While an injection of capital has helped numerous startups and rapid-growth companies go on to achieve tremendous success, it has also been the death knell for others. That's because there's a lot that goes into the process, and if founders are blinded by dollar signs, they might fall victim to some of the common misconceptions surrounding funding.
Here is what three investors and one founder turned investor had to say on the topic of funding misconceptions.
I work with hundreds of startups every year worldwide through my work with Hubspot and my personal angel investing, and there are several misconceptions I see recur time and time again.
One is "I can't start my business unless I raise $1 million plus." Most companies go through three stages: ideation, proof of concept, business scale. When you are in the idea stage you have to determine things like what kind of company you are going to build, your capital requirements, and how you will find product market fit and your first customers.
The goal should be to go through the proof of concept stage with as little capital as possible for four reasons:
- Bootstrapping usually gives you better sense of urgency
- It shouldn't cost that much unless you need regulatory approval
- You want to save it for achieving scale
- You have fewer ticked off investors if you fail
Particularly if you are a first timer, it is better to run like a hungry man to a free buffet to prove the concept. Once you do that, investors are happy to give you as much money as you need.
The second is "I need a 40-page business plan to raise capital." You need nine slides in a power point and a well-thought-out, 30-minute overview of the problem, your solution, the management team, your "special sauce", your ask and a financial projection.

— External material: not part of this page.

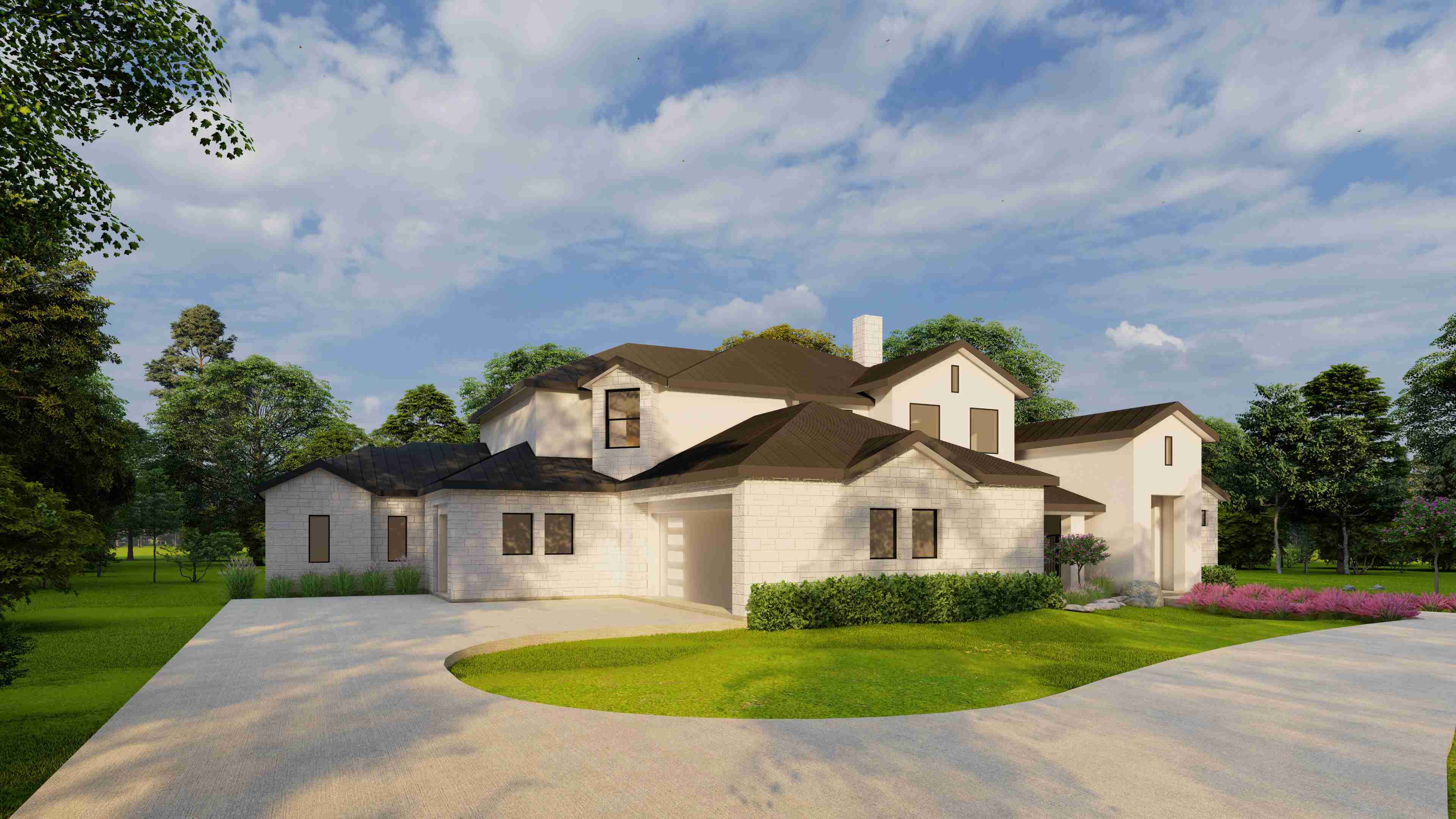 Left Side View of this 3-Bedroom,2918 Sq Ft Plan -195-1360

Finally, "Raising money is the end of my problems." Actually, raising capital helps you end one set of problems, but creates a set of others that are equally challenging. What does it feel like to take $400,000 from 20 investors and then not returning the money?

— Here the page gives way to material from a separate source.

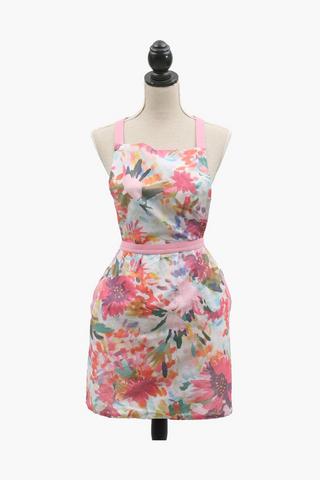 Este Floral Cotton Apron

There are a lot of misconceptions surrounding the venture capital world, however, there are three I commonly see. One is, more meetings must mean we are more likely to get funding.

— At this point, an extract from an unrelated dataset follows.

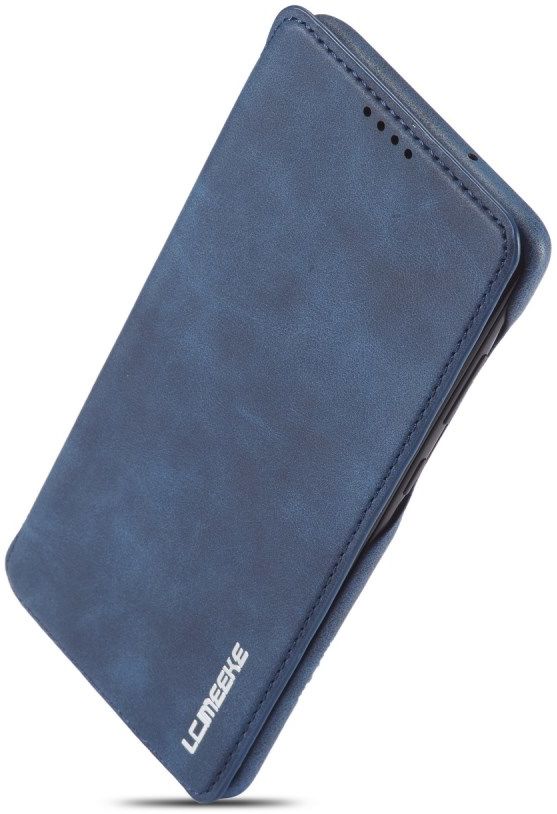 Samsung Galaxy A71 Hoesje Vintage Bookcase met Kaarthouder Blauw afbeelding 8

It's important not to confuse activity with targeting the right kind of investor for your stage. You might be meeting with a lot of potential investors, but are they the right ones?
The second one I see play out often is founders thinking a meeting with an investor is only to get them to invest. Sometimes you can meet with investors just to get their input on the idea and suggestions on who they recommend you talk to. Remember, these folks see the highs and lows of the startup world and can be great resources outside of just funding.
Finally, far too many founders believe the company will sell itself. The truth is, any investor worth their salt is also looking at your team --what you bring to the table in terms of experience, the dynamics of the group, the culture, and how well everyone is aligned on the vision.
We've all heard "more money, more problems," but for some reason that doesn't translate when it comes to business. Many founders believe money will solve all their problems -- and in many regards, it can. But the biggest misconception around funding is that money is the only solution. Throwing more people, marketing and products at problems will only create more issues that will have to be dealt with.
Founders often overlook the level of risk and accountability that comes with venture capital. At the end of the day, an investor's primary goal is realizing a healthy return on their investment. That can be a lot of added pressure and risk for founders.
A good VC firm, however, will also be accountable to the startups in which they invest. They should have a vested interested beyond monetary and provide strategic guidance, expertise and a network to help founders reach that next level of growth.
When we received our first $9 million in series A funding, it felt like those funds would last forever -- we would be able to do whatever we wanted with it. However, I quickly learned how important it was to lean on our investors who were eager to provide strategic support and help guide us through important spending decisions.
To date, we've raised $125M, and at each raise, purposefully sought out investors who would double as mentors and fill in the skill gaps to ensure we were making smart spending decisions. We've been fortunate to find that support in the dedicated investors at Goldman Sachs, Bain Capital Ventures, Mohr Davidow Ventures, and Signal Peak Ventures.
Second, it's not about how much you get, but how you spend it. Don't focus on the size of the funding.
Instead, look at what you want to accomplish and then thoughtfully determine how you will get there on as lean a budget as possible. Stay scrappy and operate like a lean startup, rather than assuming success and spending like there's no tomorrow.
Finally, the investor, not just their money, matters. Do your due diligence--this process is not a one-way street. Look at who they've invested in before, why and how they've helped other ventures, and how the investment turned out.
Also consider how experienced an investor is in general in your industry, and more specifically, in your particular solution. Talk to companies they've invested in to get their side of the story --how did they help them overcome challenges or provide strategic guidance? This will help determine if they are the right fit for your company.